# DAG-Generation¶

Task based H-arithmetic is usually more efficient on many-core systems compared to loop parallelization of the recursive H-arithmetic. In the following figures, this can be seen by the percentage of idle cores during H-LU factorization. There, red are dense factorizations, blue are matrix solves and green matrix updates.

While the identification of the actual tasks in an H-arithmetic operation is easy by using the recursive H-functions and following the recursion until a leaf is encounterd, setting up the dependencies between the tasks is much more difficult as these are on a global scope whereas recursive algorithms only work on a purely local scope, i.e., on direct sub-blocks.

A previous (cite!) diverted from the standard H-arithmetic function for H-LU by using a global approach to directly identify dependencies per level of the H-tree. However, this was not portable to other H-functions and difficult to set up error-free.

Therefore, an alternative strategy was implemented based on the block index sets of each matrix block involved in an H-operation together with the standard recursive H-arithmetic. During a recursive call, existing dependencies of the parent blocks are automatically divided into dependencies for the sub-blocks based on their index sets.

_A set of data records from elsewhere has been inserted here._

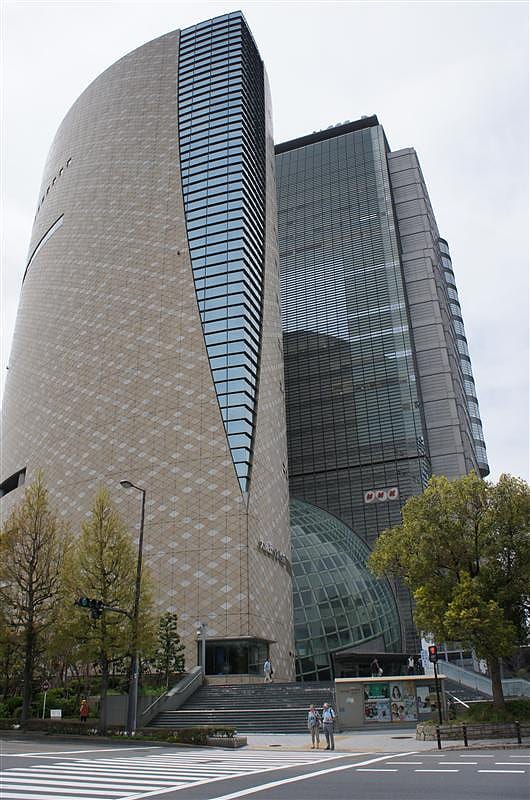 DSC03659.JPG DSC03659.JPG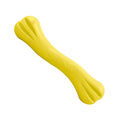Jolly Chew Bone by Jolly Pets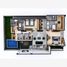 4 Bedroom House for sale in Monterrey, Nuevo Leon, Monterrey
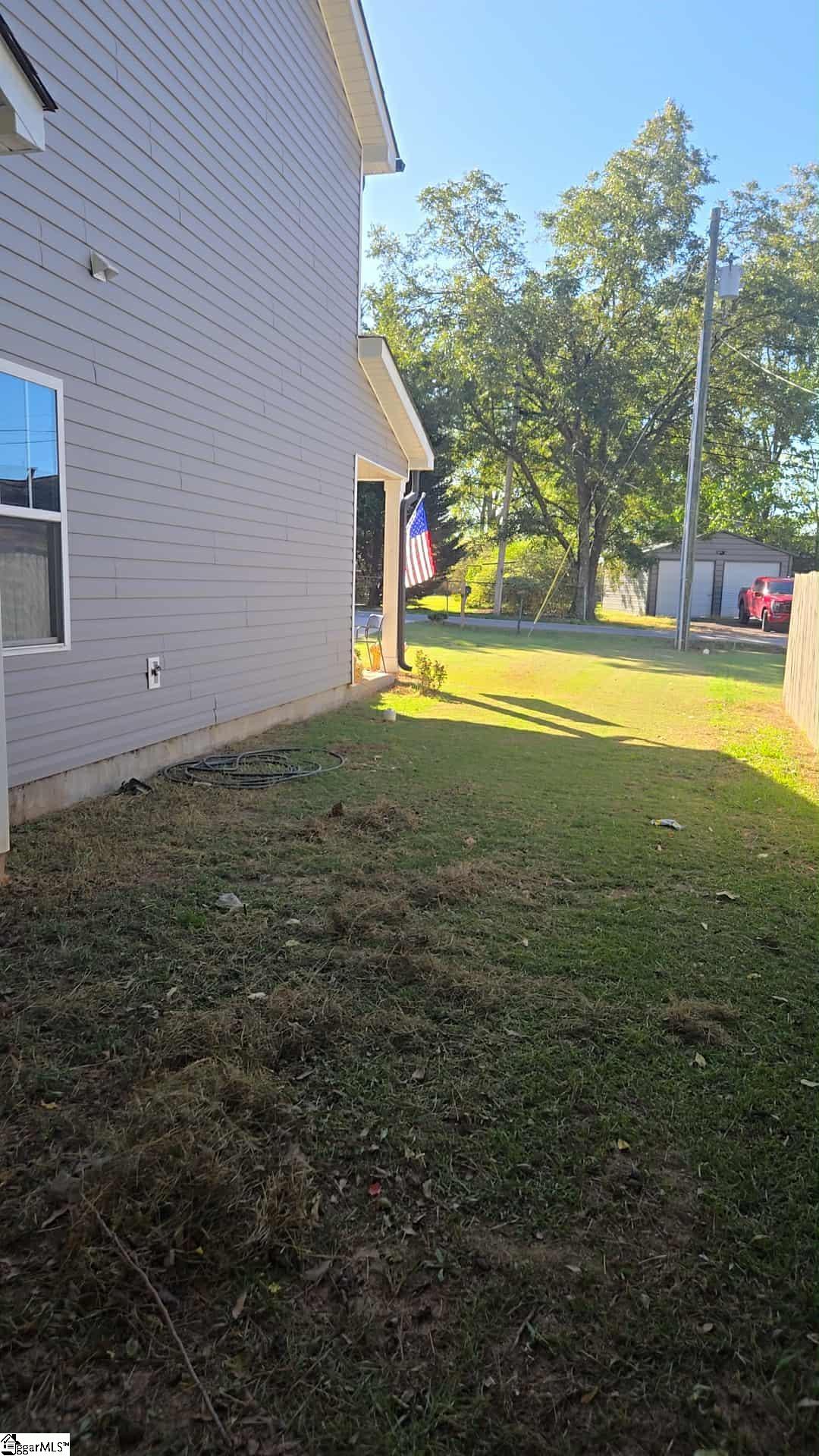 200 West 4th Avenue Easley, SC 29640 - Photo 22 of 29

Root One Recursion Two Recursions

The advantage of this approach is, that the user can use existing arithmetic functions with little augmentation, i.e., also new arithmetic functions can easliy exploit task-based parallelization.

H-function DAG-Generator
void  hlu ( TMatrix &  A ) {

if ( is_blocked( A ) ) {
for ( uint i = 0; i < n; ++i ) {
hlu( A(i,i) );
for ( uint j = i+1; j < n; j++ ){
htrsu( A(i,i), A(j,i) );
htrsl( A(i,i), A(i,j) );
}
for ( uint j = i+1; j < n; j++ )
for ( uint l = i+1; l < n; l++ )
hmul( -1, A(j,i), A(i,l), A(j,l) );
}
}
else
{
// handle leaf
}
}

struct hlu : public node {
TMatrix &  A;

local_graph  refine_  () {
local_graph  g;
if ( is_blocked( A ) ) {
for ( uint i = 0; i < n; ++i ) {
g.alloc_node<hlu>( A(i,i) );
for ( uint j = i+1; j < n; j++ ) {
g.alloc_node<htrsu>( A(i,i), A(j,i) );
g.alloc_node<htrsl>( A(i,i), A(i,j) );
}
for ( uint j = i+1; j < n; j++ )
for ( uint l = i+1; l < n; l++ )
g.alloc_node<hmul>( ... );
} }
return  g;
}

void run_ ( TTruncAcc &  acc ) { /* handle leaf */ }

};


The DAG construction can also be easily parallelized compared to the previous approach, and for different frameworks implementations are available in libHLR. The same holds for DAG execution. Both may also be mixed. As an example, the following DAG for H-LU is constructed using sequential DAG construction (seq::dag::refine) but executed via TBB (tbb::dag::run):

Furthermore, as the DAG typically has more dependencies than necessary, e.g., direct and indirect dependencies, various optimizations are applied to reduce the number of edges in the task graph (edge sparsification).

auto  dag = hlr::dag::gen_dag_lu_rec( *C, seq::dag::refine ); // sequential construction

tbb::dag::run( dag, acc );                                    // parallel execution


## H-LU factorization (dag-lu)¶

In the following the (parallel) runtime and the number of edges compared to the previous approach are shown showing the advantages of the new DAG generation routine.

Runtime Number of Edges

Furthermore, different variations of the H-LU DAG are implemented

ip

assuming in-place computation, i.e., blocks of $$A$$ are overwriten by $$L$$ and $$U$$ with more restricted data dependencies.

oop

assuming out-of-place computation, i.e., $$L$$ and $$U$$ use separate storage, relaxing data dependencies.

lvl

the previous level-wise approach for comparison.

oop-coarse

constructs task graph for a coarser H-matrix, i.e., not following recursion to the leaves, thereby saving execution and memory costs, and during task graph execution constructs DAGs for the sub-blocks on-the-fly for further execution.

oop-accu

incorporates accumulated H-arithmetic into H-LU.

## dag-hodlr¶

Construct a full task graph for the LU factorization of an H-matrix based on HODLR clustering with low-rank blocks stored using tiles, i.e., each factor $$U$$ (and $$V$$) is decomposed into

$\begin{split} U = \begin{pmatrix} U_1 \\ U_2 \\ U_3 \\ U_4 \\ \cdots \end{pmatrix} \end{split}$

with $$U_i$$ having at most ntile rows.

Tasks are constructed based on these tiles with corresponding dependencies, even down to low-rank truncation.

The idea is that all tasks will then have comparable costs, which may lead to better scheduling.

## dag-inv¶

Implements H inversion using H-LU, triangular inversion and triangular matrix multiplication.